Bulgular ve alan yazın incelemeleri çevrimiçi tartışma ortamlarına katılım biçimlerinin çeşitlenmesinin gereğine işaret etmektedir. Farklı yollarla kendini ifade etme ve öğrenme tercihi olan öğrenenler için seçeneklerin artırılması, görsel, ses, video gibi formatların sisteme eklenmesi anlamlı görünmektedir.
Tema 2: Hiyerarşik Yapı
Tartışmanın hiyerarşik yapısı temasında var olan tartışmaları takip ederken yaşanan güçlükler; tartışmanın başlığına ve ilk veya son yoruma göre hiyerarşik yapının oluşturulması vb. konular belirtilmiştir.
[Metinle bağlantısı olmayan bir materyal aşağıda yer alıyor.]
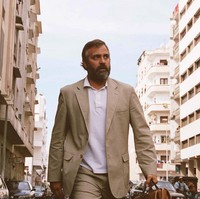 George Clooney makan donat dan keripik kentang setiap hari untuk menaikkan 16 kg berat badan demi perannya sebagai Bob Barnes di film Syriana. Foto: Participant Media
Bu temayla ilgili görüşlerden bazıları aşağıda ifade edilmiştir.
“En büyük sorun en altta yazılana göre bir şeyler yazılması. Üstte yer alanlar okunmuyor. Ana başlık ve en altta ne yazılmış ona bakıyorsun.” (K4)
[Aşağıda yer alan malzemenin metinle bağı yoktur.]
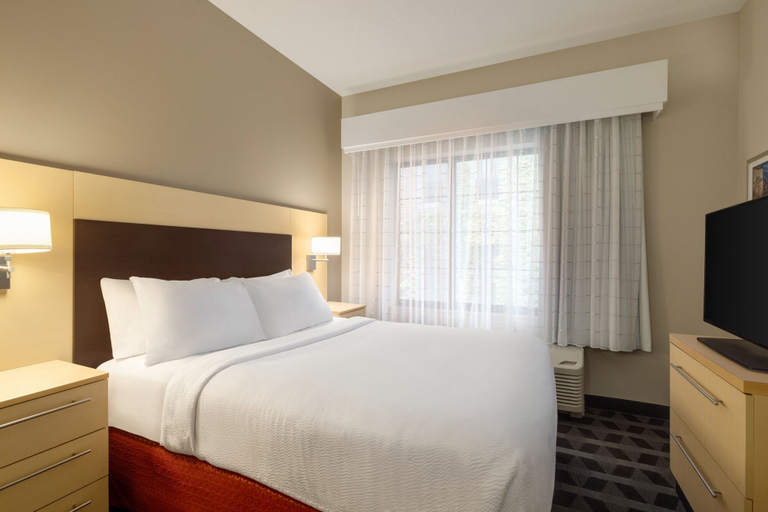 Bedroom 3, TownePlace Suites Williamsport, Lycoming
“Tartışmanın ortalarındaki sorular dikkate alınmıyor. Çünkü o geçmiş. En alttaki daha fazla dikkat çekiyor. Dolayısıyla fark edilmek için en sondaki soruya cevap veriyorlar.” (K46)
“Forumda yazdıklarımız araya kaynıyor, o yüzden bire bir iletişime geçmeyi tercih ediyoruz. Çünkü oraya yazdığımı konu alanında uzman kişi görmüyor. Foruma yazmak yerine direk kendine sormayı tercih ediyorum.” (K35)
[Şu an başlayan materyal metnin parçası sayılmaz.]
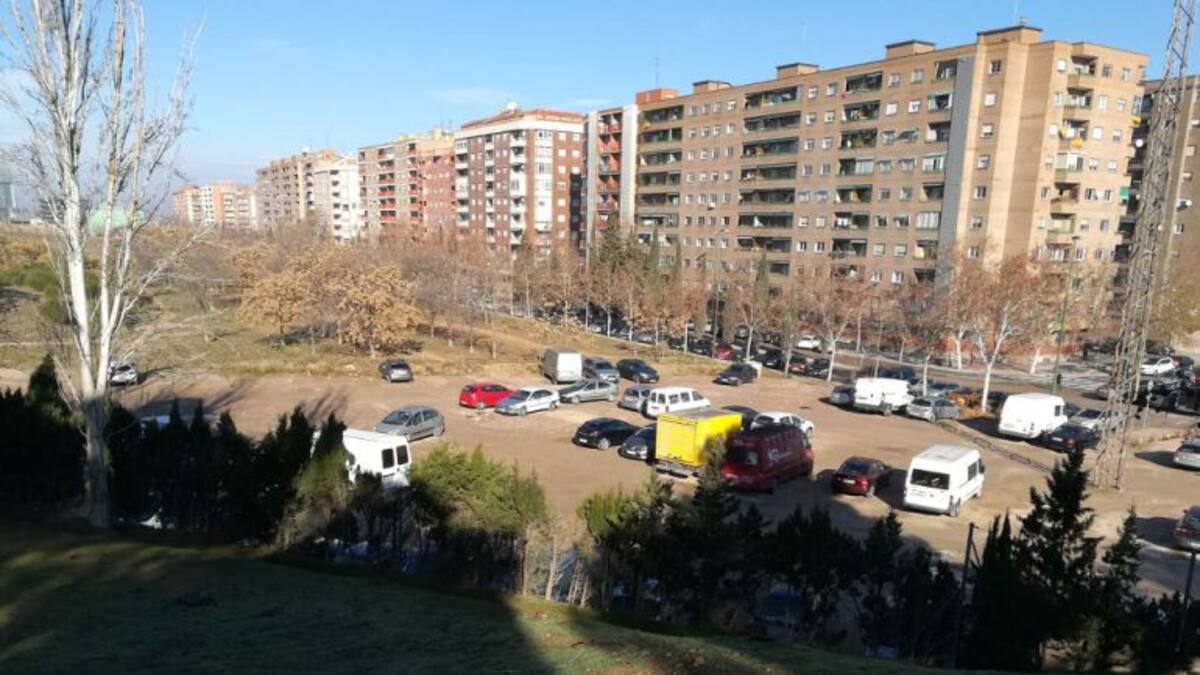 El parking en la calle Braulio Foz: un "parche" y una "tomadura de pelo"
“Ortamın hiyerarşik yapısından dolayı bazen yorumları kaçırıyorum.” (K38)
“…kimisi ilk soruya kimisi ikinci soruya cevap yazıyor. Dolayısıyla ben aşağıya yorum yapsam çok mantıksız. Moodle’da sorun oluyor. Direk kişiye cevap vermeye olanak tanımıyor ve hiyerarşik olarak kaymalar oluyor. Karışıklıklar oluyor.” (K21)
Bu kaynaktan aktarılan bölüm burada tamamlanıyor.